Lidziya Loban

Personal information
- Born: Lidziya Hrafeyeva 14 December 1985 (age 40) Novolukoml, Belarus
- Spouse: Dzmitry Loban

Sport
- Country: Belarus
- Sport: Para Nordic skiing (Para cross-country skiing and Para biathlon)
- Disability class: LW12

Medal record
Women's Para biathlon
Representing Belarus
Winter Paralympics
| Bronze medal – third place | 2018 Pyeongchang | 6km sitting |

= Lidziya Loban =

Belarusian Para cross-country skier and biathlete (born 1985)

Lidziya Loban (born 14 December 1985) is a Belarusian Para cross-country skier and biathlete. She has competed at the Winter Paralympics in 2014 and 2018.

== Career ==

She claimed her first Paralympic medal after clinching a bronze medal in the women's 6km sitting biathlon event during the 2018 Winter Paralympics. After claiming the bronze medal at the 2018 Winter Paralympics, she hinted about her plans to step into participate at the Summer Paralympics and hinted about to choose the sport of shooting following her success at the biathlon event which also comprises shooting.

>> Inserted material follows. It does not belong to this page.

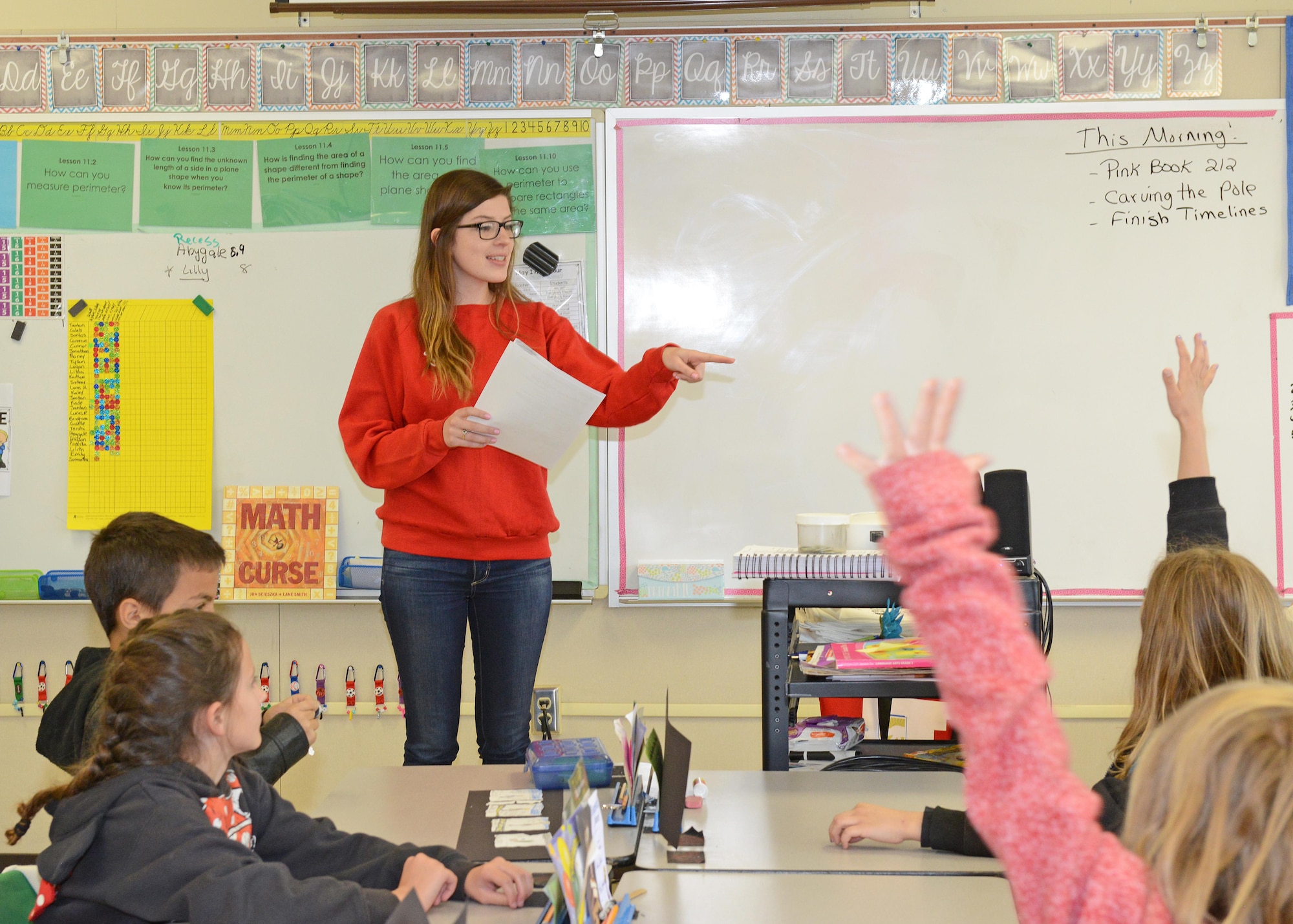 American Red Cross representative Haley Seibel talks to third-graders at Irving L. Branch Elementary April 11 about the Red Cross’ Pillowcase Project. Subjects touched on included managing stress during an emergency; what to do in case of a fire or earthquake; and what items the children should pack during an emergency in their pillowcase. (U.S. Air Force photo by Kenji Thuloweit)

Coincidentally both Lidziya and her husband, Dzmitry Loban went onto represent Belarus at the 2018 Winter Paralympics.

== Personal life ==
Lidziya Hrafeyeva was affected in a car accident at the age of 27, which led to the amputations of her legs. Following the accident, she decided to take the sport of Para Nordic skiing in 2014 before being selected to represent Belarus at the 2014 Winter Paralympics.

She married fellow Belarusian Para Nordic skier, Dzmitry Loban who has represented Belarus at the Paralympics in 2010, 2014 and 2018. Hrafeyeva was also encouraged to take the sport of cross-country skiing by her husband.